▶ [AVAILABLE RECORDS]:

-.-.-

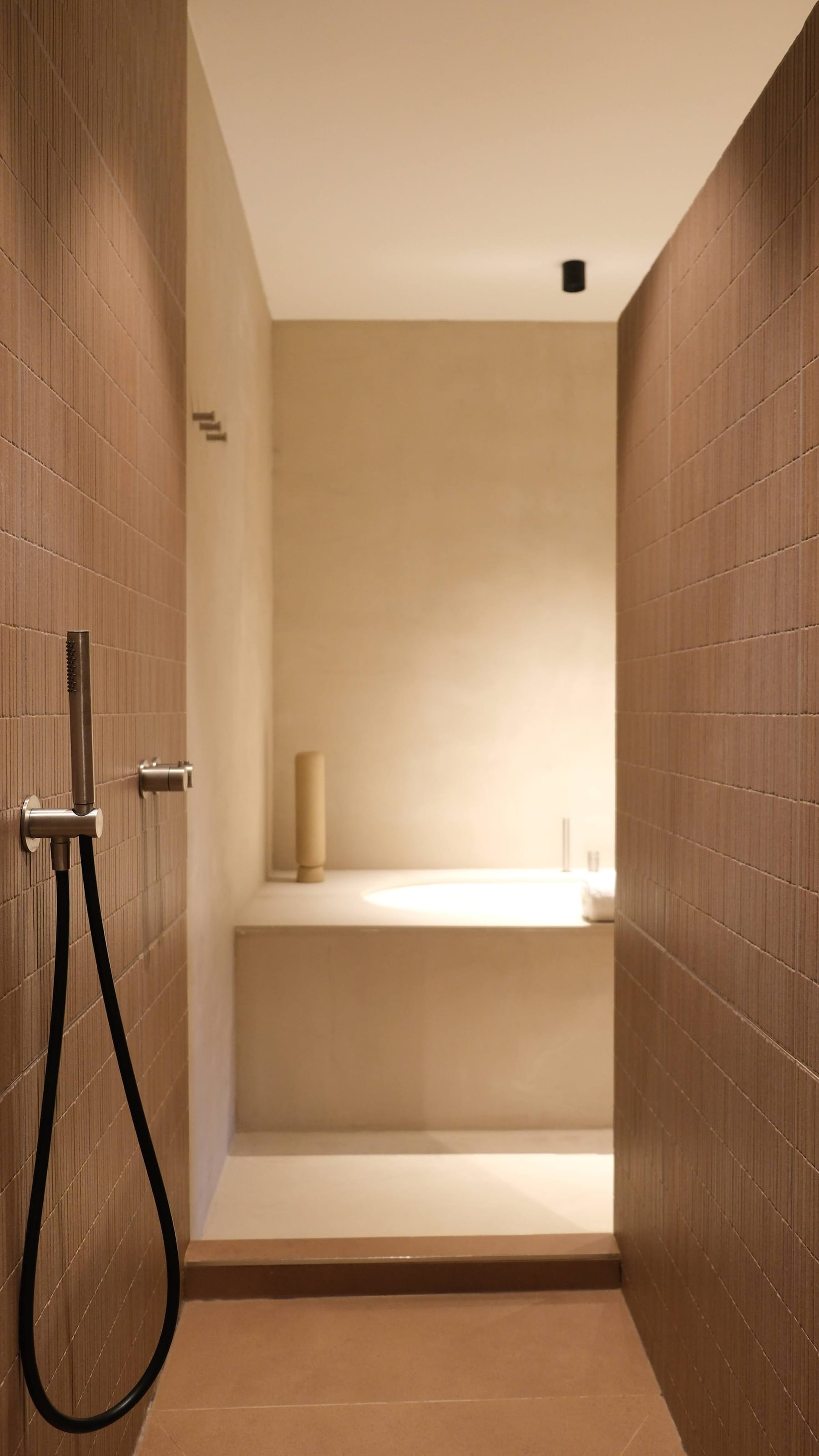 Suite du Bon-Vivant — view 8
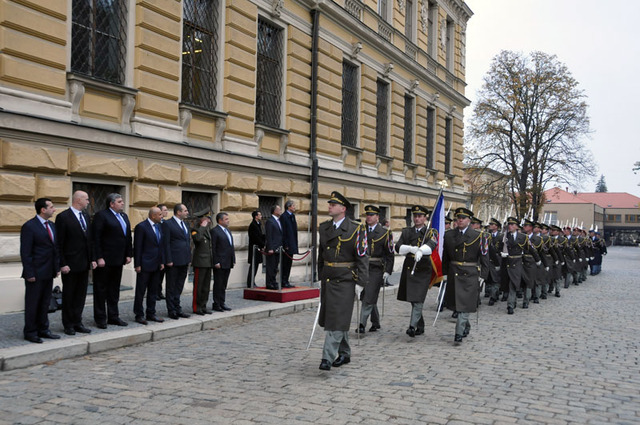 Slavnostní pochod vojáků Čestné jednotky AČR při uvítání arménské delegace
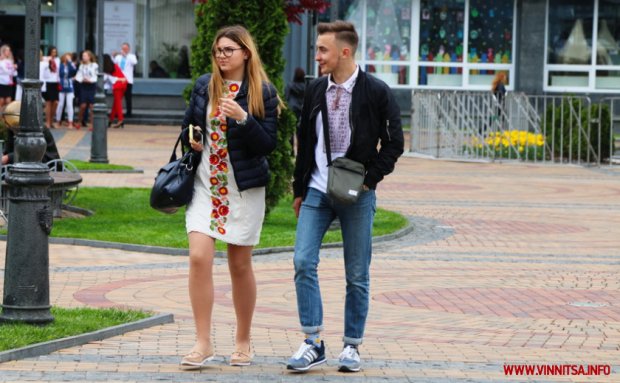 День вишиванки: як святкують українці в різних містах – неймовірні фото та відео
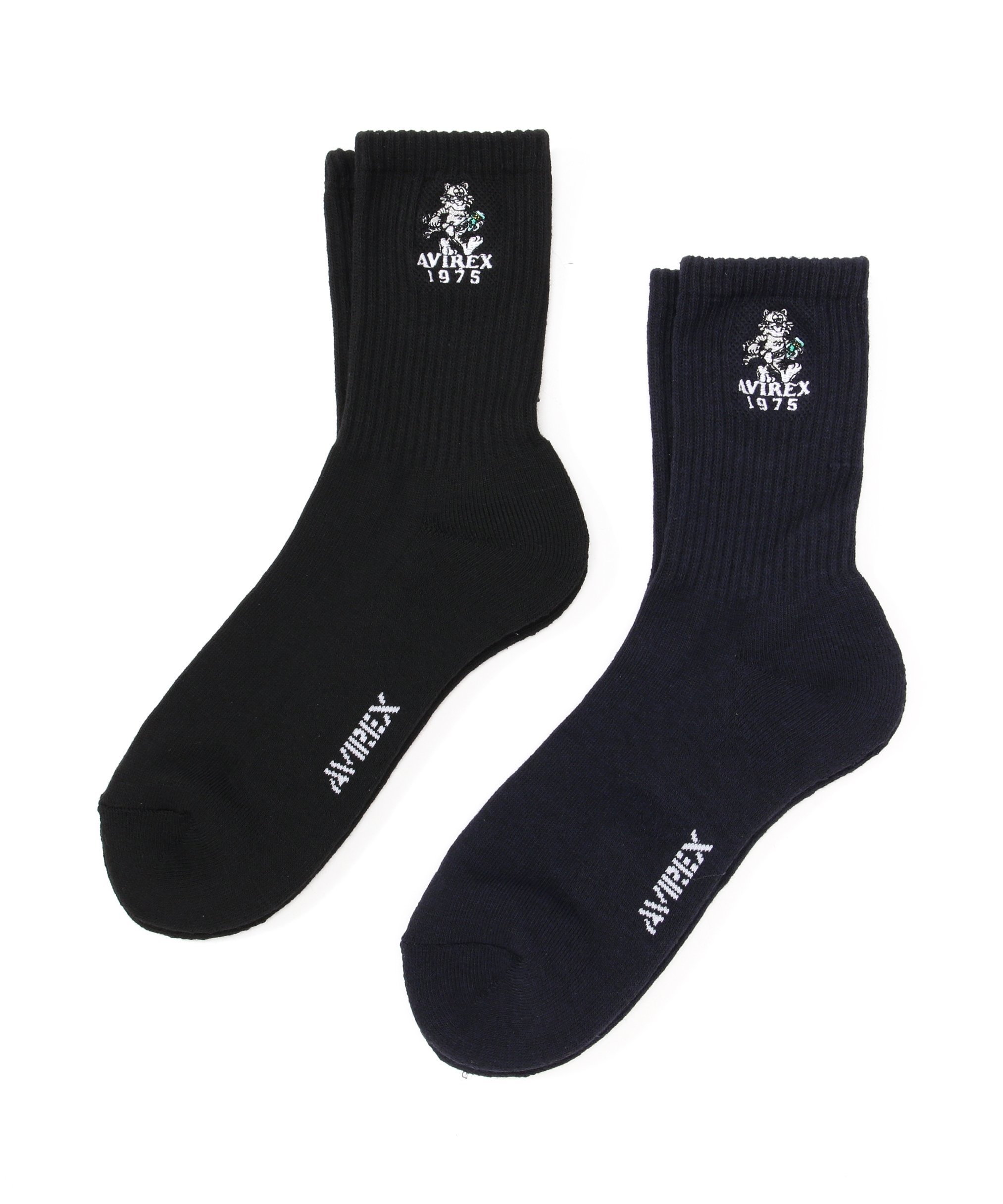 AVIREX（アヴィレックス）《直営店限定》TOM CAT 1975 SOX / トムキャット 靴下・AVIREXらしいソックス・トムキャットの刺繍・カジュアルなスタイリングにマッチするアイテム・ギフトにおススメ【AVIREX/アヴィレックス】1975年にアメリカ空軍のコントラクターとして創業し、フライトジャケットを供給した事でその認知度を飛躍的に高めた。ミリタリーに起源を持つアヴィレックスは、機能的なデザインが醸し出す特有の美しさに支えられている。その個性的な表情は、映画「インディー・ジョーンズ」「トップガン」「メンフィスベル」などのスクリーンでも活躍し、喝采を浴びた。その無駄の無いデザイン、ノスタルジックな味わいは今なお世界中の多くの人々から支持され続けている。■お使いのパソコンのモニターによって、実物商品とカラーが異なって 見える場合があります。誠に申し訳ございませんが、ご理解下さいます様お願いいたします。■当ショップの在庫数は 直営店舗の商品も含まれています。在庫数が日々変動する為、ご注文頂いた時点で在庫が完売になっている場合がございます。■サイズ表は、製品の生地や織りなどの特性により、多少の誤差はございます。予めご了承ください。■画像の商品はサンプルです。実際の商品では、仕様・加工等若干異なる場合がございます。型番：783-5972005-010-42 PY2738【採寸】F：長さ18cm商品のサイズについて【商品詳細】中国製素材：(表生地)コットン ポリエステル その他サイズ：F※画面上と実物では多少色具合が異なって見える場合もございます。ご了承ください。商品のカラーについて 【予約商品について】 ※「先行予約販売中」「予約販売中」をご注文の際は予約商品についてをご確認ください。■重要なお知らせ※ 当店では、ギフト配送サービス及びラッピングサービスを行っておりません。ラッピング・ギフト配送について同時に複数の商品を注文された場合メーカー希望小売価格についてご利用ガイドAVIREX（アヴィレックス）《直営店限定》TOM CAT 1975 SOX / トムキャット 靴下・AVIREXらしいソックス・トムキャットの刺繍・カジュアルなスタイリングにマッチするアイテム・ギフトにおススメ【AVIREX/アヴィレックス】1975年にアメリカ空軍のコントラクターとして創業し、フライトジャケットを供給した事でその認知度を飛躍的に高めた。ミリタリーに起源を持つアヴィレックスは、機能的なデザインが醸し出す特有の美しさに支えられている。その個性的な表情は、映画「インディー・ジョーンズ」「トップガン」「メンフィスベル」などのスクリーンでも活躍し、喝采を浴びた。その無駄の無いデザイン、ノスタルジックな味わいは今なお世界中の多くの人々から支持され続けている。■お使いのパソコンのモニターによって、実物商品とカラーが異なって 見える場合があります。誠に申し訳ございませんが、ご理解下さいます様お願いいたします。■当ショップの在庫数は 直営店舗の商品も含まれています。在庫数が日々変動する為、ご注文頂いた時点で在庫が完売になっている場合がございます。■サイズ表は、製品の生地や織りなどの特性により、多少の誤差はございます。予めご了承ください。■画像の商品はサンプルです。実際の商品では、仕様・加工等若干異なる場合がございます。型番：783-5972005-010-42 PY2738【採寸】F：長さ18cm商品のサイズについて【商品詳細】中国製素材：(表生地)コットン ポリエステル その他サイズ：F※画面上と実物では多少色具合が異なって見える場合もございます。ご了承ください。商品のカラーについて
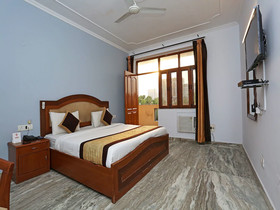 DS Cyber Residency by OYO Rooms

-.-.-

▶ [WORK ITEM]: Word for word, please reproduce each entry above and leave out every picture.

▶ [WRITTEN SOLUTION]:
 Suite du Bon-Vivant — view 8
 Slavnostní pochod vojáků Čestné jednotky AČR při uvítání arménské delegace
 День вишиванки: як святкують українці в різних містах – неймовірні фото та відео
 AVIREX（アヴィレックス）《直営店限定》TOM CAT 1975 SOX / トムキャット 靴下・AVIREXらしいソックス・トムキャットの刺繍・カジュアルなスタイリングにマッチするアイテム・ギフトにおススメ【AVIREX/アヴィレックス】1975年にアメリカ空軍のコントラクターとして創業し、フライトジャケットを供給した事でその認知度を飛躍的に高めた。ミリタリーに起源を持つアヴィレックスは、機能的なデザインが醸し出す特有の美しさに支えられている。その個性的な表情は、映画「インディー・ジョーンズ」「トップガン」「メンフィスベル」などのスクリーンでも活躍し、喝采を浴びた。その無駄の無いデザイン、ノスタルジックな味わいは今なお世界中の多くの人々から支持され続けている。■お使いのパソコンのモニターによって、実物商品とカラーが異なって 見える場合があります。誠に申し訳ございませんが、ご理解下さいます様お願いいたします。■当ショップの在庫数は 直営店舗の商品も含まれています。在庫数が日々変動する為、ご注文頂いた時点で在庫が完売になっている場合がございます。■サイズ表は、製品の生地や織りなどの特性により、多少の誤差はございます。予めご了承ください。■画像の商品はサンプルです。実際の商品では、仕様・加工等若干異なる場合がございます。型番：783-5972005-010-42 PY2738【採寸】F：長さ18cm商品のサイズについて【商品詳細】中国製素材：(表生地)コットン ポリエステル その他サイズ：F※画面上と実物では多少色具合が異なって見える場合もございます。ご了承ください。商品のカラーについて 【予約商品について】 ※「先行予約販売中」「予約販売中」をご注文の際は予約商品についてをご確認ください。■重要なお知らせ※ 当店では、ギフト配送サービス及びラッピングサービスを行っておりません。ラッピング・ギフト配送について同時に複数の商品を注文された場合メーカー希望小売価格についてご利用ガイドAVIREX（アヴィレックス）《直営店限定》TOM CAT 1975 SOX / トムキャット 靴下・AVIREXらしいソックス・トムキャットの刺繍・カジュアルなスタイリングにマッチするアイテム・ギフトにおススメ【AVIREX/アヴィレックス】1975年にアメリカ空軍のコントラクターとして創業し、フライトジャケットを供給した事でその認知度を飛躍的に高めた。ミリタリーに起源を持つアヴィレックスは、機能的なデザインが醸し出す特有の美しさに支えられている。その個性的な表情は、映画「インディー・ジョーンズ」「トップガン」「メンフィスベル」などのスクリーンでも活躍し、喝采を浴びた。その無駄の無いデザイン、ノスタルジックな味わいは今なお世界中の多くの人々から支持され続けている。■お使いのパソコンのモニターによって、実物商品とカラーが異なって 見える場合があります。誠に申し訳ございませんが、ご理解下さいます様お願いいたします。■当ショップの在庫数は 直営店舗の商品も含まれています。在庫数が日々変動する為、ご注文頂いた時点で在庫が完売になっている場合がございます。■サイズ表は、製品の生地や織りなどの特性により、多少の誤差はございます。予めご了承ください。■画像の商品はサンプルです。実際の商品では、仕様・加工等若干異なる場合がございます。型番：783-5972005-010-42 PY2738【採寸】F：長さ18cm商品のサイズについて【商品詳細】中国製素材：(表生地)コットン ポリエステル その他サイズ：F※画面上と実物では多少色具合が異なって見える場合もございます。ご了承ください。商品のカラーについて
 DS Cyber Residency by OYO Rooms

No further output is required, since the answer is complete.